Cost-effectiveness of Nicotine Gum as an Adjunct to Physician's Advice Against Cigarette Smoking

Author Affiliations

From Policy Analysis Inc, Brookline, Mass (Dr Oster and Messrs Huse and Delea), and the Channing Laboratory, Department of Medicine, Harvard Medical School and Brigham and Women's Hospital, and the Department of Epidemiology, Harvard School of Public Health, Boston (Dr Colditz).

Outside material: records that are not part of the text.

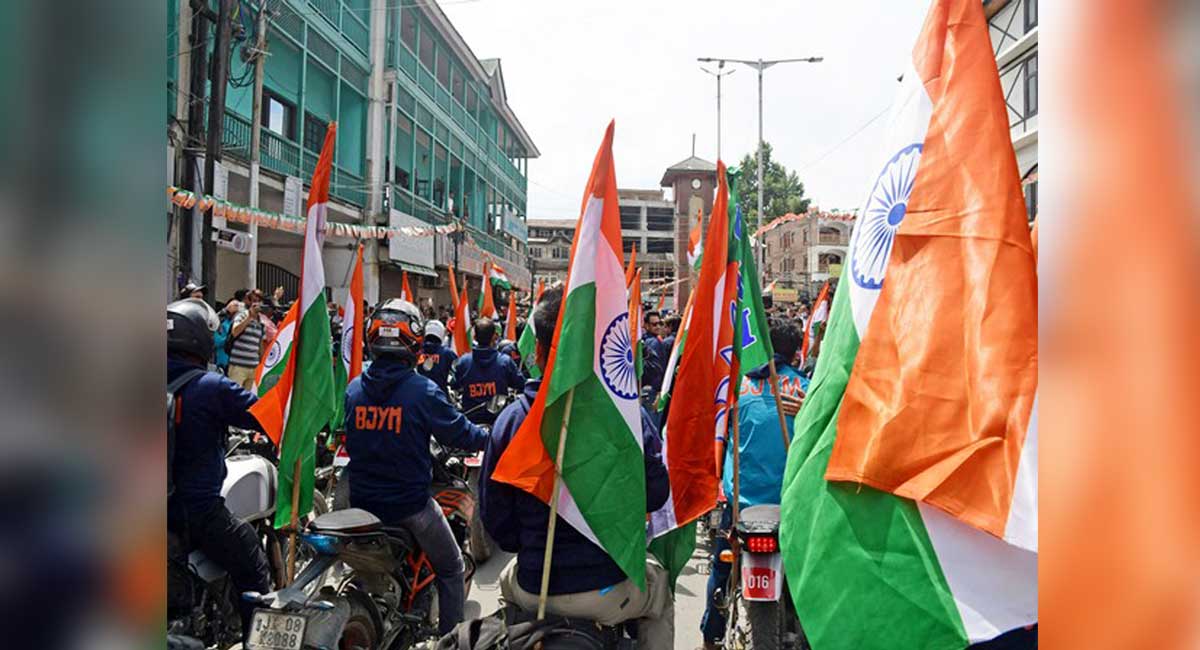 CISF organizes Tiranga bike rally as part of ‘Azadi ka Amrit Mahotsav’ in Hyderabad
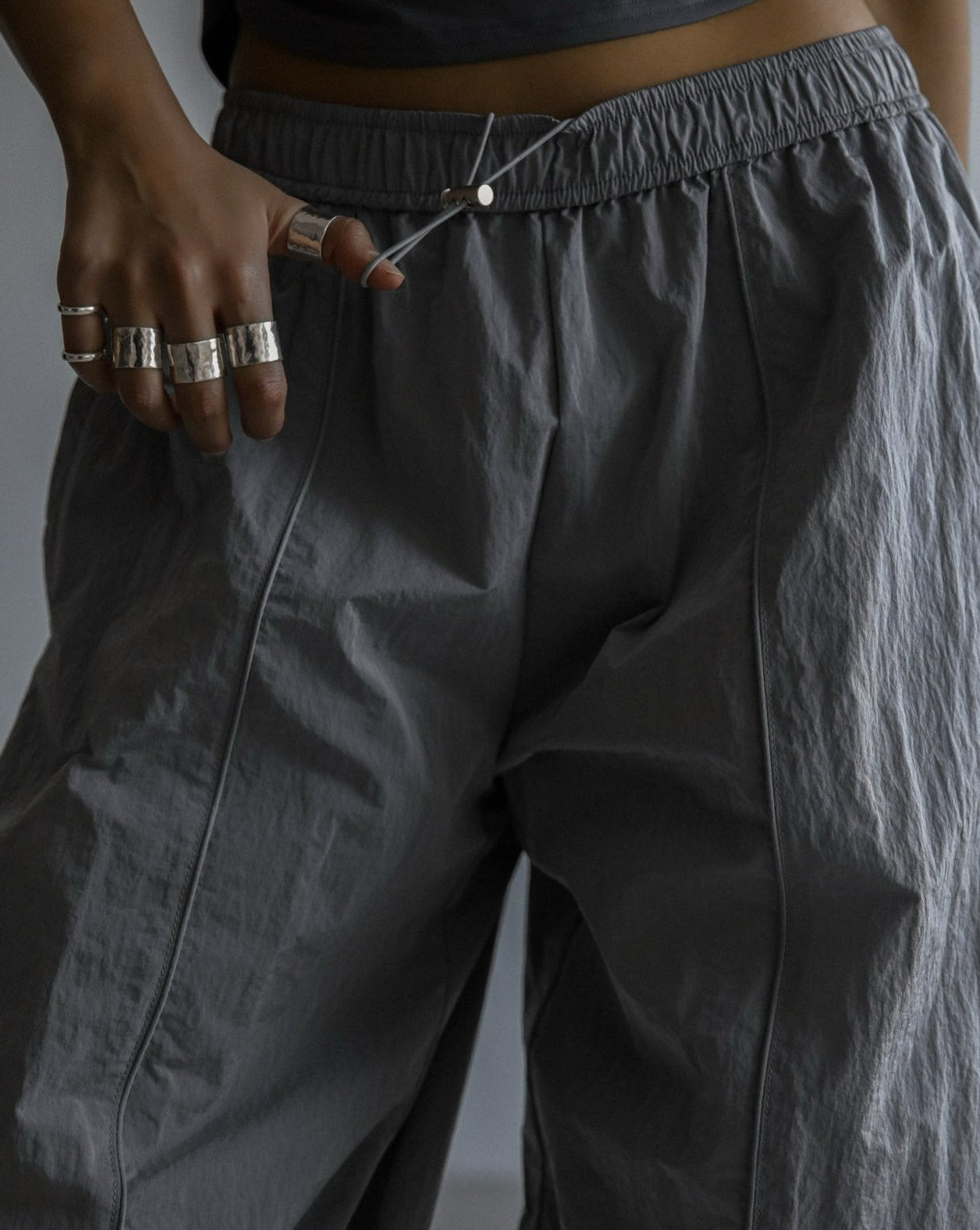 【PAPERMOON 페이퍼 문】SS / Nylon Drawstring Wide Twist Pattern Trousers
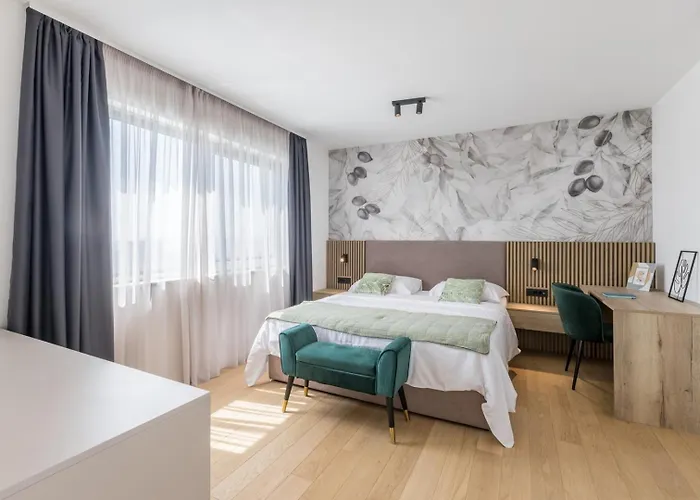 Luxury Roma 1 ,with Heated Saltwater Pool, Parking, High Speed Internet, Bbq,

JAMA. 1986;256(10):1315-1318. doi:10.1001/jama.1986.03380100089026
Abstract

A nicotine chewing gum has recently become available for use as an aid in giving up cigarette smoking. Although its efficacy has been demonstrated in clinic-based smoking cessation programs, its value in a primary care setting is uncertain. We examined the cost-effectiveness of nicotine gum as an adjunct to physician's advice and counseling against smoking during routine office visits. Our findings indicate that the cost per year of life saved with this intervention ranges from $4113 to $6465 for men and from $6880 to $9473 for women, depending on age. This compares favorably with other widely accepted medical practices, eg, treatment of hypertension or hyperlipidemia. Our study, therefore, suggests that nicotine gum is a cost-effective adjunct to physician's advice against cigarette smoking in a primary care setting.